06/14/23
The short answer is – divorce has no impact on your life insurance if you take no action. Your policy is in force and continues to be unchanged unless you do make changes. Should you make changes? Probably, yes.
First, consider if you want to continue with the life insurance in the event of a divorce. While the initial reaction may be ‘no’, consider carefully. Life insurance is often put in place to protect your entire family not just your spouse, so cancelling the coverage can impact everyone. So continuing the coverage may be the best option for you.

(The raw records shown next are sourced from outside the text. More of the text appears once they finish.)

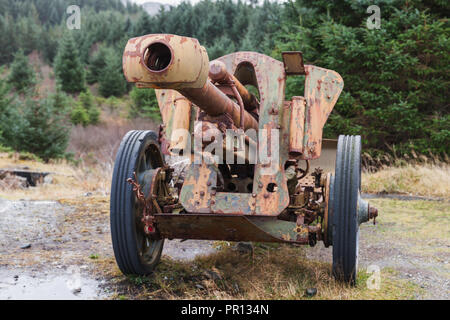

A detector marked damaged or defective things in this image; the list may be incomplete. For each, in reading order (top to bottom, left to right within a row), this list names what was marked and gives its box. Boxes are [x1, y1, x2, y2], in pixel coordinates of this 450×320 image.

rusty artillery cannon [110, 33, 378, 284] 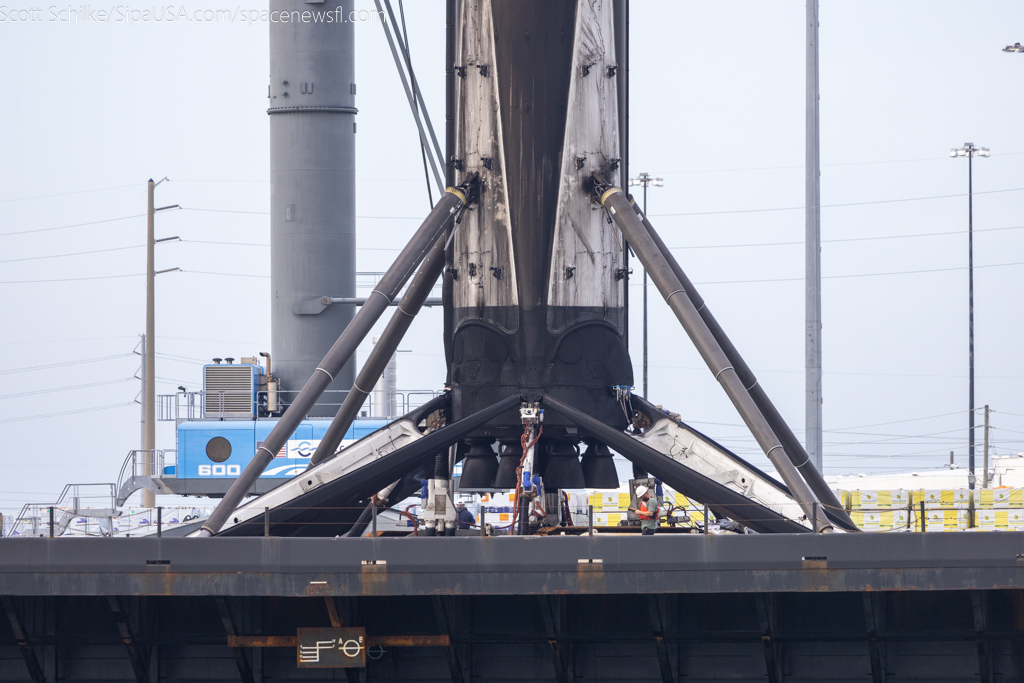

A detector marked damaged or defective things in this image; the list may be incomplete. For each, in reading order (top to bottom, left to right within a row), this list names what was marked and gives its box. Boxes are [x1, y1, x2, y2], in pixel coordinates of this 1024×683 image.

rusty metal beam [1, 593, 45, 683]
rusty metal beam [108, 593, 149, 683]
rusty metal beam [214, 593, 253, 683]
rusty metal beam [228, 634, 452, 651]
rusty metal beam [432, 593, 464, 679]
rusty metal beam [540, 593, 573, 679]
rusty metal beam [651, 593, 675, 683]
rusty metal beam [753, 593, 782, 683]
rusty metal beam [860, 593, 884, 683]
rusty metal beam [974, 589, 991, 683]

Next, in the event of a divorce, you may want to split your policy if both of you are insured under one policy. If you have one policy with two seperate individual coverages, then splitting the policy is straightforward – it’s just a quick form that everyone signs and you both end up with your own individual policy that you pay for and control yourself (and may want to change the beneficiary, if that’s appropriate). If you do this, and keep the coverage, one option available to you is to change the beneficiary to your children, in trust, with someone else (perhaps your former spouse even) as trustee. This means any life insurance proceeds would be your children’s, not your former spouses even if your former spouse is managing the funds on their behalf.

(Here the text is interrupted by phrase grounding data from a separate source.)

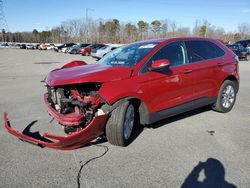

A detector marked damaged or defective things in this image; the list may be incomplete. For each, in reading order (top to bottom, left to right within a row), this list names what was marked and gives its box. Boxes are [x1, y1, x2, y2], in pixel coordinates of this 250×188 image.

detached front bumper [3, 111, 108, 150]
crumpled front end [3, 82, 109, 150]
crushed hood [46, 63, 134, 86]
damaged red suv [3, 37, 238, 150] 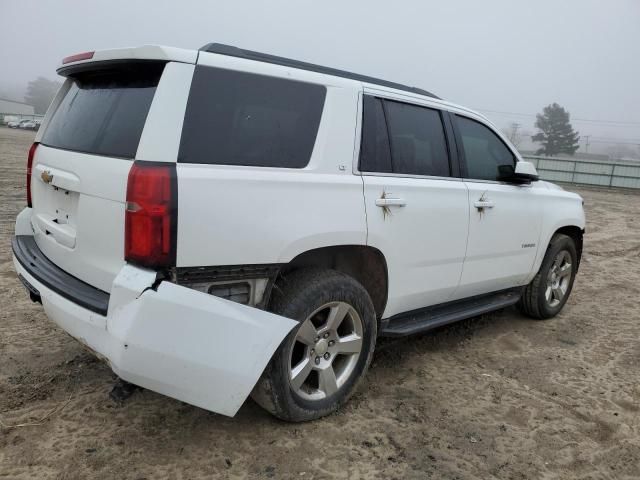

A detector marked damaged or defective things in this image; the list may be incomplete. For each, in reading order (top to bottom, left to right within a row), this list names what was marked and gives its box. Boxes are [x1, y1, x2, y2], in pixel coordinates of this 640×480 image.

damaged rear bumper [11, 232, 298, 416]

You may be required to maintain life insurance in the event of a divorce by your divorce agreement. If you’re the party requiring that your former spouse have insurance, we strongly recommend that you require proof of coverage at least once a year. It’s not uncommon for people to provide proof of coverage at the time of the divorce, and then immediately cancel the coverage afterwards (more common than you perhaps think). So, require the proof of coverage to keep yourself protected.

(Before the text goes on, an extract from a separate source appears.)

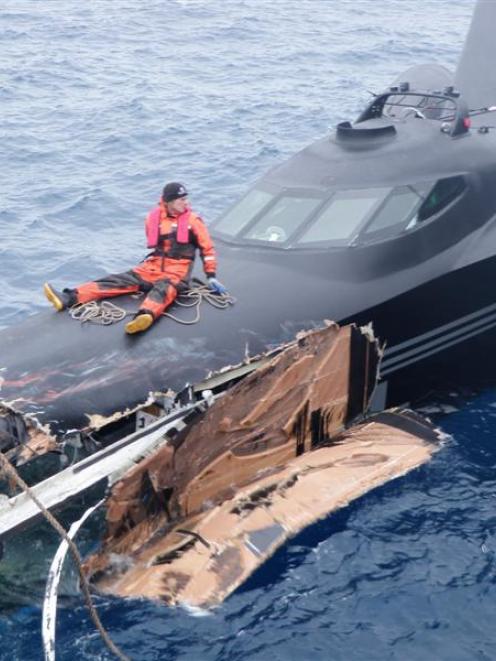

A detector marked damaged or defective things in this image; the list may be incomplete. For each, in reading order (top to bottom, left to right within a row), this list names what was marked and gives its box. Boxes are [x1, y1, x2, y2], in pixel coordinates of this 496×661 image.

damaged boat [81, 322, 442, 604]
splintered wood [82, 322, 442, 604]
torn metal [82, 322, 442, 604]
broken hull panel [86, 412, 442, 608]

If you’re the person who’s being required to carry coverage, then you may be asked to make the beneficiary irrevocable. Irrevocable beneficiaries mean that you (the insured) can’t change the beneficiary without their permission. Irrevocable beneficiaries are problematic, so if you can avoid this, you should do so. For example, let’s say that you keep your coverage for 10 years to satisfy your divorce agreement. In that time, you’ve become uninsurable. So now the agreement is over and you want to keep the policy but change the beneficiary to your ‘new’ spouse. If the beneficiary is irrevocable then you can’t do this without the signature of y or now-10 year divorced former spouse, and who knows how that’s going to go? If you can’t avoid this, we recommend that you have as part of the agreement that at the end of the divorce agreement that they will not unreasonably withhold the change in beneficiary at that time.